What is being asked
Starting at the line that contains "Cobra Kai 2 Dojos Rising Ps5 Juego Físico-3", repeat each line of the listing below through the last one, exactly, and leave out every picture.

(Information begins)

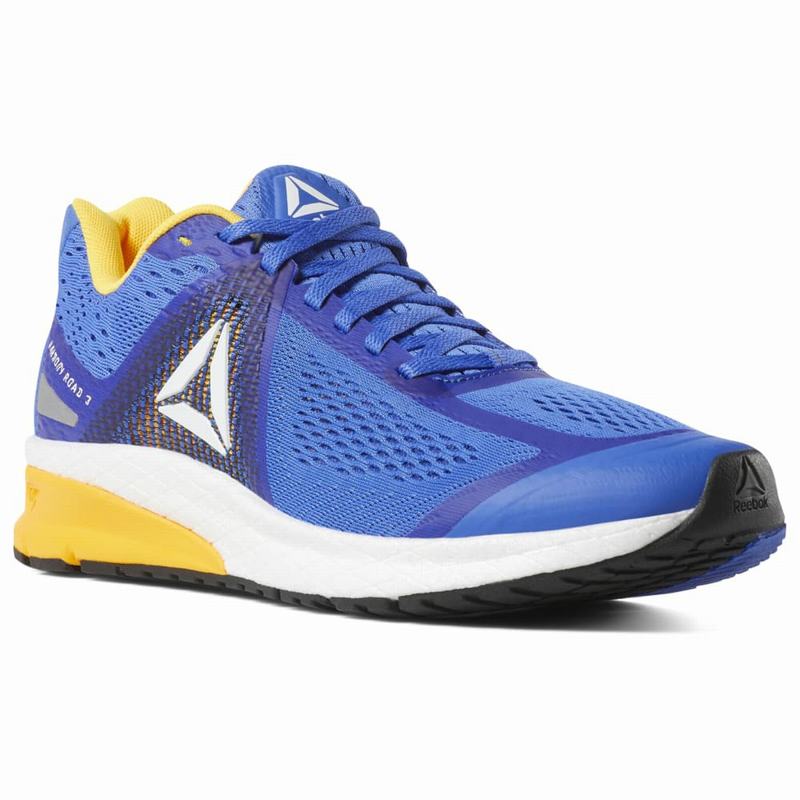 Reebok Harmony Road 3 Bežecké Tenisky Panske - Modre/Zlate/Biele ML3799EW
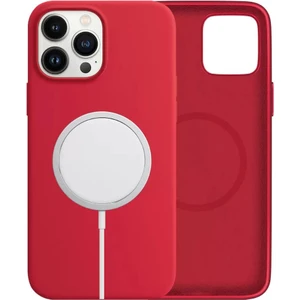 Magsense Apple iPhone 13 Pro Red Kapak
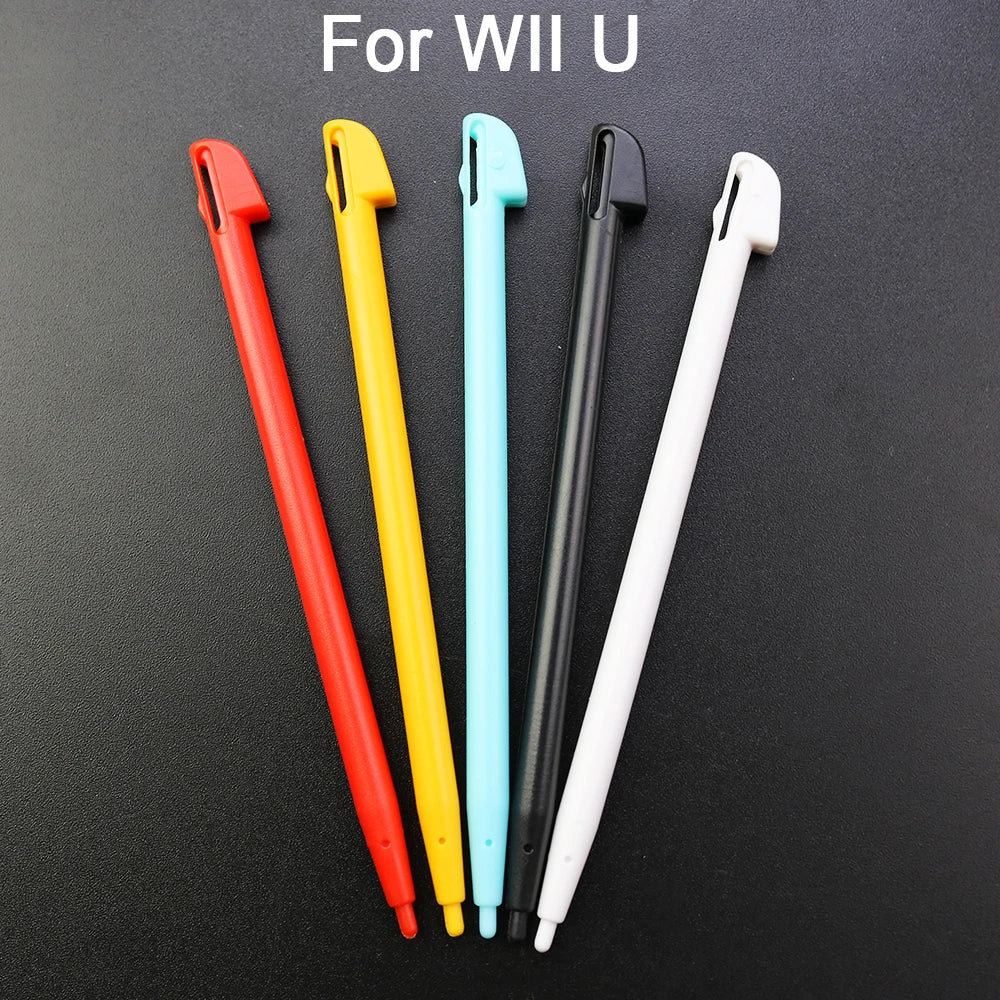 YUXI 1Set Plastic&Metal Touch Screen Stylus Pen Game Console Pen for NDSL NDSi NDS WIIU 2DS 3DS XL LL New 3DSXL LL New 2DSXL
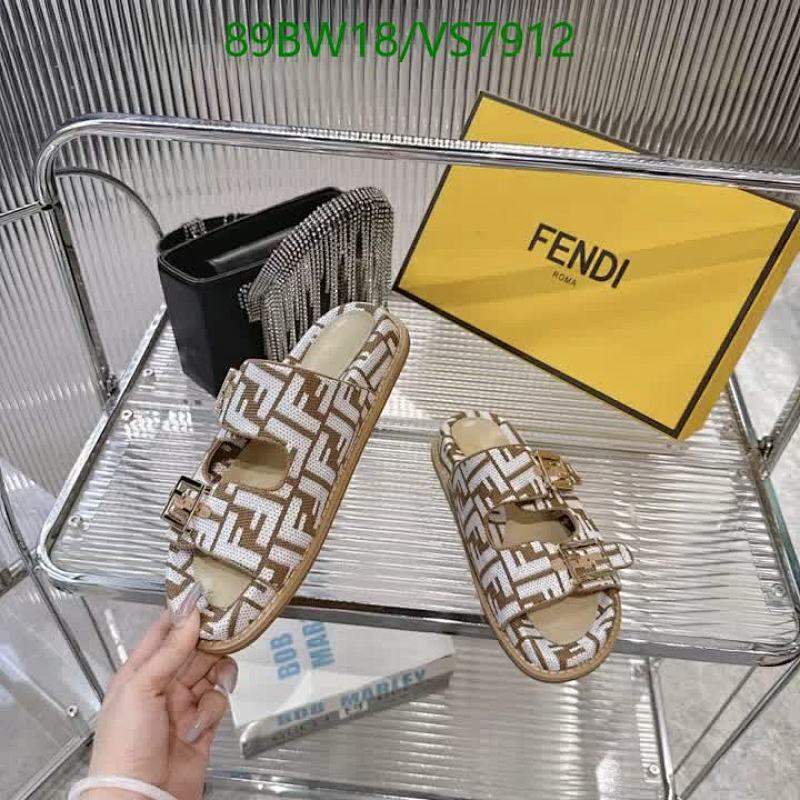 Fendi-Women Shoes Code: VS7912 $: 89USD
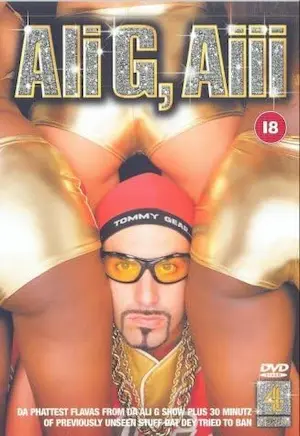 ali g dvd easter egg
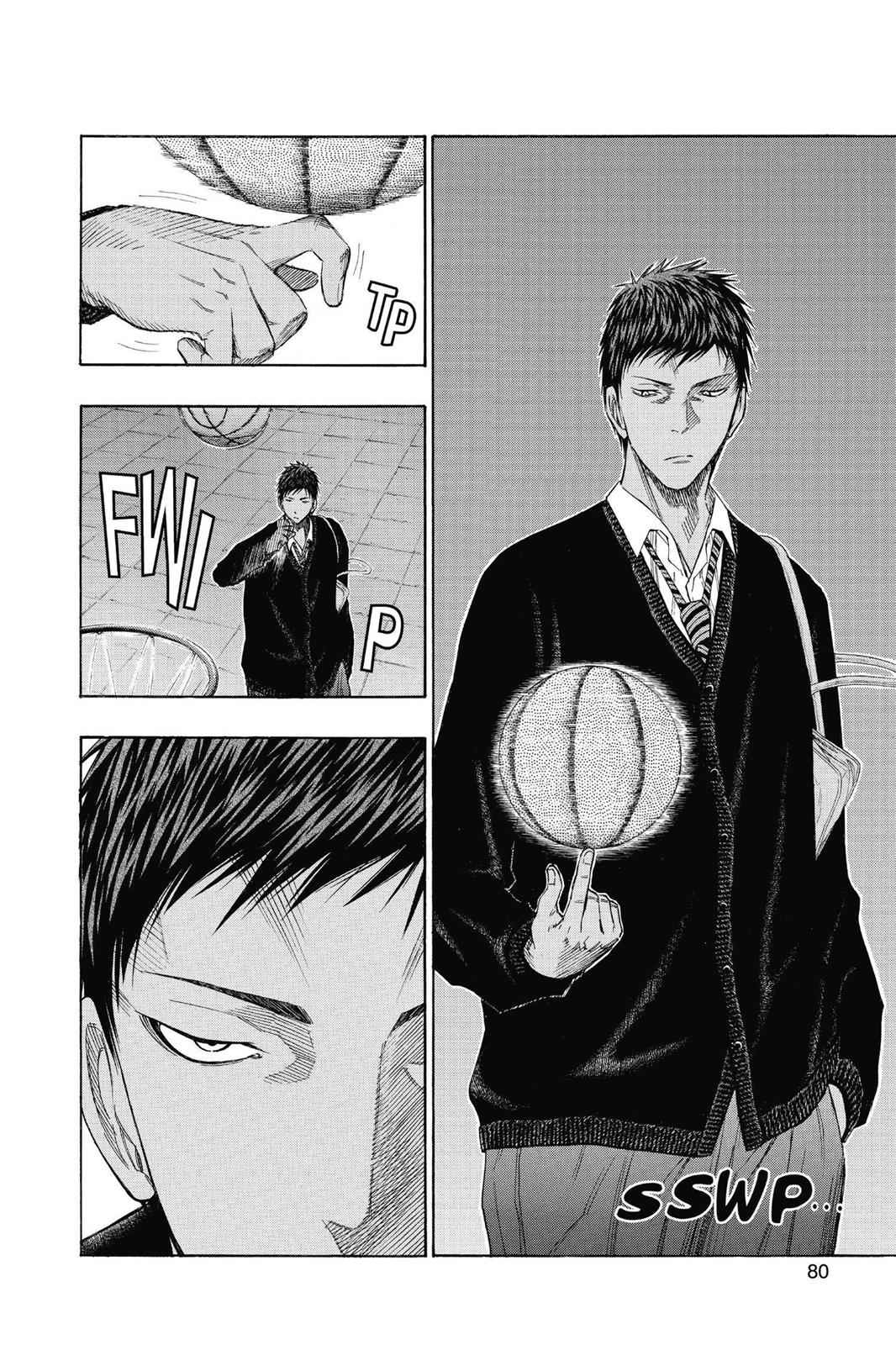 Kuroko no Basket Chapter 112 Page 14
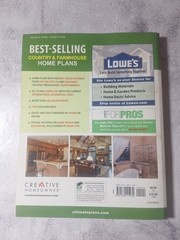 Best-Selling Country & Farmhouse Home Plans Catalog From Lowes Design Network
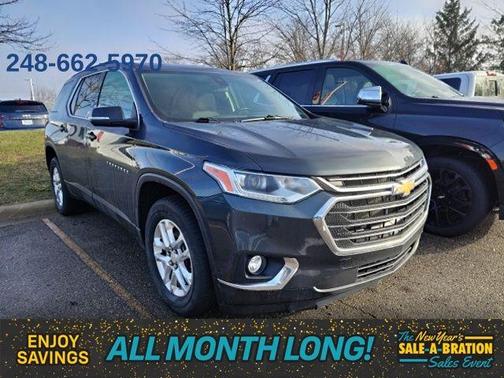 2021 Chevrolet Traverse LT Cloth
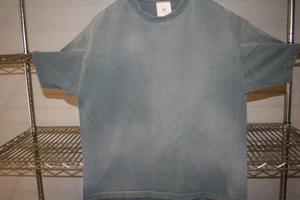 Moojimooji Mooji Mooji Distressed Grün T-Shirt Herren Medium BESCHÄDIGUNG - Bild 1 von 11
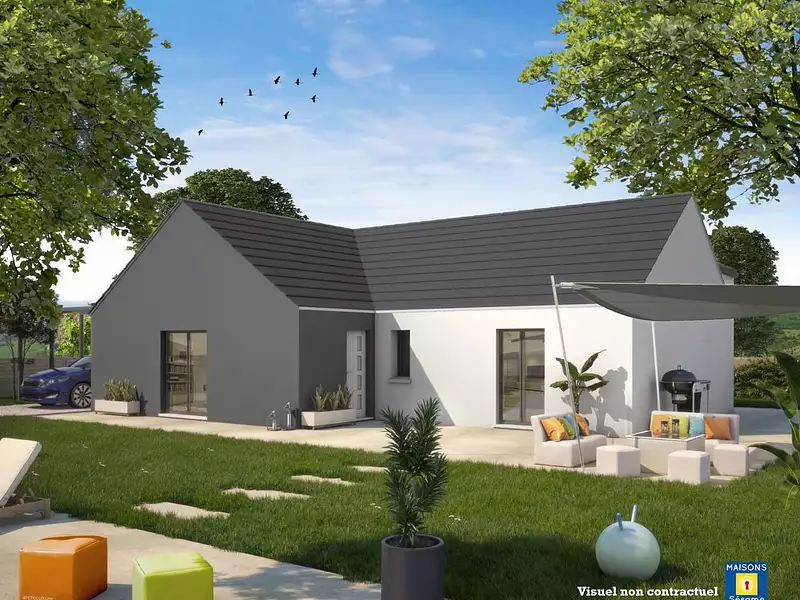 Maison neuve, 118 m² - Boullay-les-Troux (91470)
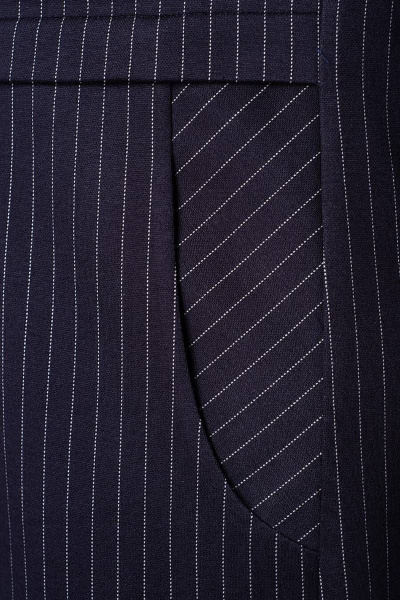 Платье полуприлегающее из вискозы с вертикальной полоской Camelia 2241 2 - фото 6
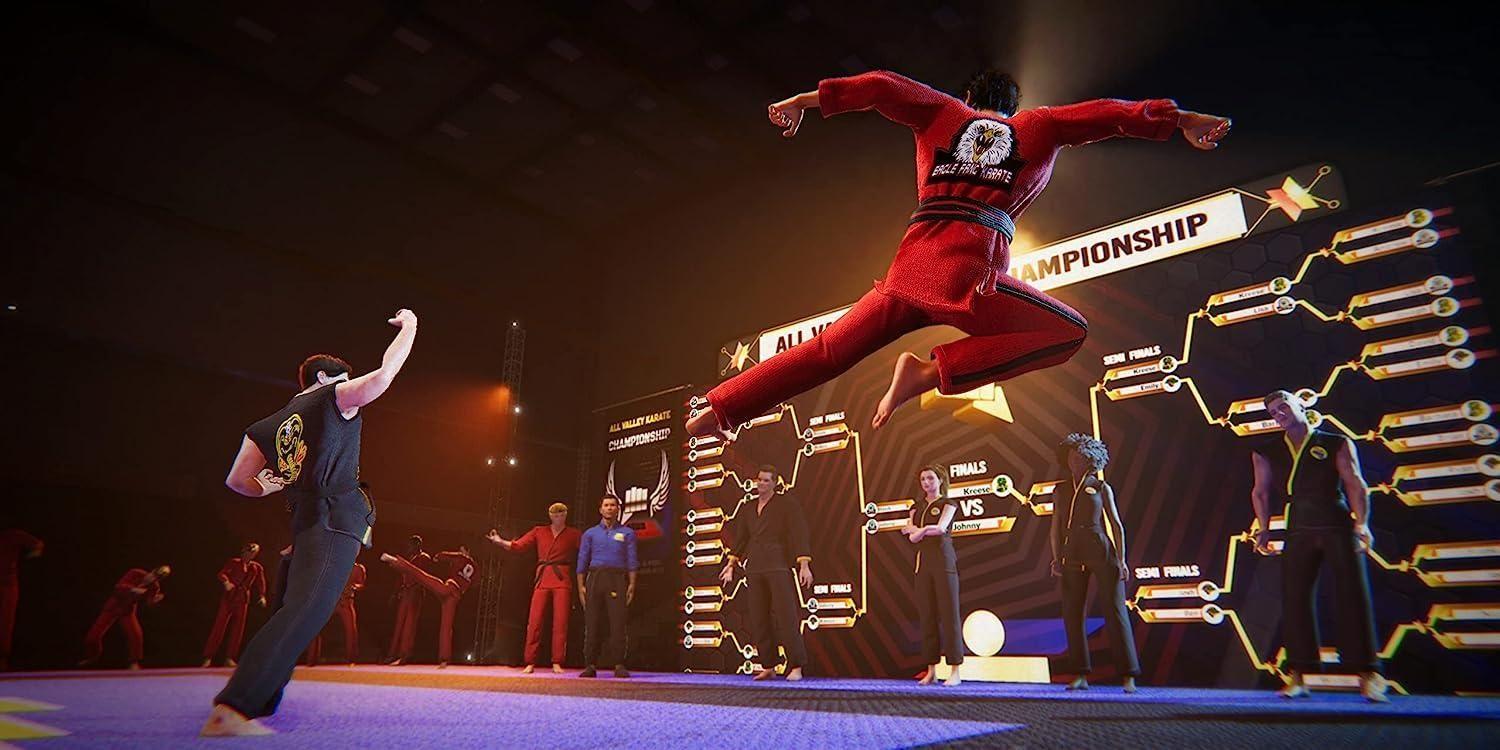 Cobra Kai 2 Dojos Rising Ps5 Juego Físico-3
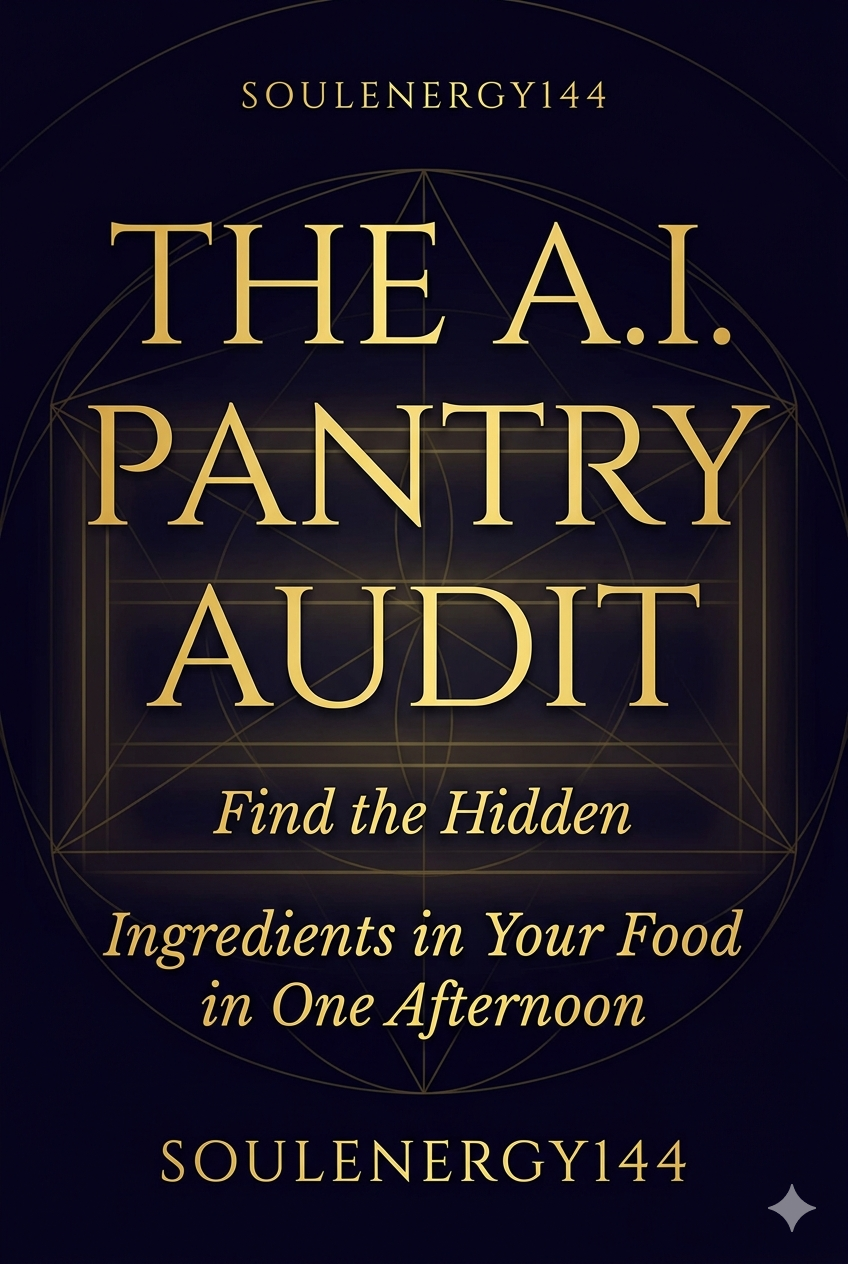 The A.I. Pantry Audit Front cover of The A.I. Pantry Audit by SoulEnergy144 — find the hidden ingredients in your food in one afternoon.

(Information ends)

Task response
 Cobra Kai 2 Dojos Rising Ps5 Juego Físico-3
 The A.I. Pantry Audit Front cover of The A.I. Pantry Audit by SoulEnergy144 — find the hidden ingredients in your food in one afternoon.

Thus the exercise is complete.